Earlier this year, I had the near-religious experience of attending Arcade Club in Bury. There’s something genuinely spiritual about climbing the internal staircase all the way to the top floor, and entering a true Valhalla for arcade gaming. It’s an astonishing collection spanning the real living years of the form, wherein all the greats line up together to not only make that unique cacophony so beloved of arcade fans, but also a catalogue of the top tier’s best and most fondly-remembered cabinets from the seventies to the nineties. But the floor below holds other treasures. For one, there’s a compact room walled with Sega Astro Cities, all running Shmup boards. A Danmaku Ame all of its own, where you can back-to-back with Progear and Armed Police Batrider to your heart’s content. Off in another corner of this floor is a two-player Sega Rally and, sitting innocuously across from it, a small sit-down Ridge Racer.
I became obsessed with it. I adored Ridge Racer from the first time I laid eyes on it, some 30 years ago. I perfected the default course on the PlayStation, and have revisited that race many times since. But this was the first time I’d ever had access to the real cab, so I set about trying to get first place. Getting used to the wheel and pedal controls took a few attempts, and the insane wooliness of the open-gated manual gearstick was too terrifying to even contemplate1, but then the idea of playing Ridge Racer in manual is total madness, it’s clearly not the game’s intention. But with some buckling down and spirited wheel-work, I was stringing together the correct drifts and gradually honing that deranged racing line until first place was easily within my grasp. Next step: claim the lap record. Now, I had achieved a kind of nirvanic synergy with the controls by this point. Ridge Racer has always been a gamepad affair for me, so finding a wondrous flow state with wheel and pedal was thrillingly novel. It was delightful to fling the nose in with supremely grandiose spins of the wheel, not to mention purposeful lifts and stamps of the accelerator to get that end out. At this point, Ridge Racer was singing so beautifully as my lap times chipped downwards towards the magic mark and then, disaster! Turns out my purposeful stamping on a 30-year-old pedal saw the pedal (rather suddenly) get somewhat upset with the punishment and withdrawing access to full throttle, putting paid to my desperate bid for glory2. Wracked with guilt, I kissed the wheel, made my apologies and went off to hammer the fucking magnificent four-seater Outrun 2 cab another floor down.

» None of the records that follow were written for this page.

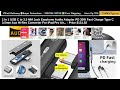 2-in-1 USB C to 3.5mm Jack Adapter with PD 30W Fast Charging #TechGadgets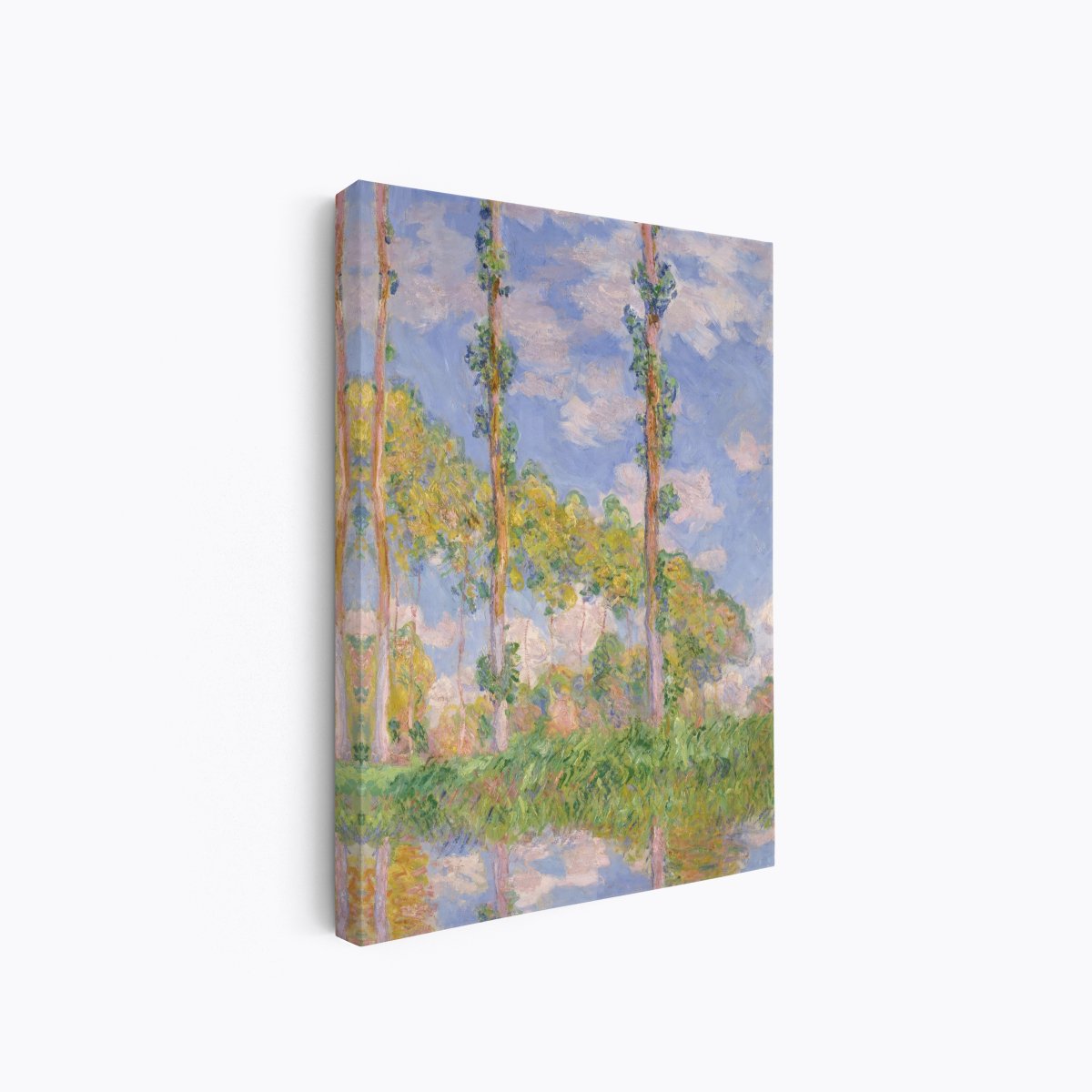 Poplars in the Sun | Claude Monet | Ave Legato Art Prints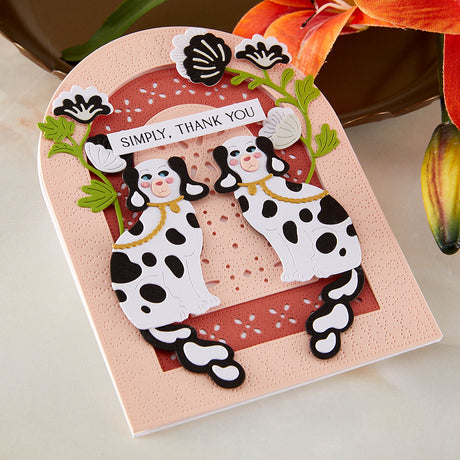 Spellbinders Regal Pair Etched Dies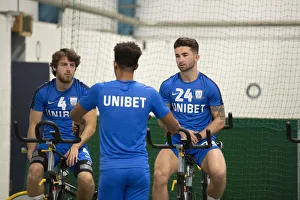 Training Break For Pearson, Maguire And Robinson Training Break For Pearson, Maguire And Robinson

Ridge Racer has a unique place in videogaming. It occupies the rare position of bookending the beginning and the end of exotic realtime polygon gaming hardware and in doing so, defines a particular era. Many years ago, I wrote for Eurogamer about my first encounter with it. It was at the Trocadero in London, on a rare trip to the city centre. Ridge Racer appeared to me in its most deluxe Full Scale form, with an integral MX-5 that has working aircon, and it seemed to have a speaker system to match its grandeur. Its sonic footprint was colossal, which obviously drew attention, but I actually couldn’t afford the price of entry. I had the coins, but watching all the other newbies fail spectacularly, I knew it would be a waste. I was content to simply gawp. I had seen stills in Edge, but to see it in motion was utterly exhilarating. In 1994, it was witnessing the future arrive. We were only six years on from F/A-18 Interceptor, a flat-shaded, 10 FPS flight sim that allowed a generation to impress their Dads with Top Gun fantasies, and five on from Namco’s Winning Run. And yet here were fully textured-mapped polygons, rattling along at a very convincing framerate. I also had my first glimpses of Daytona USA and Virtua Racing thanks to that Trocadero visit. Never before or since has the future of home videogames been so viscerally present, nor has the leap seemed so large that it changes and entire cultural paradigm. And there Ridge Racer sat, the shouty, Gabba-blasting3 figurehead adorning the bow of this incredible new vessel soon to land on our shores.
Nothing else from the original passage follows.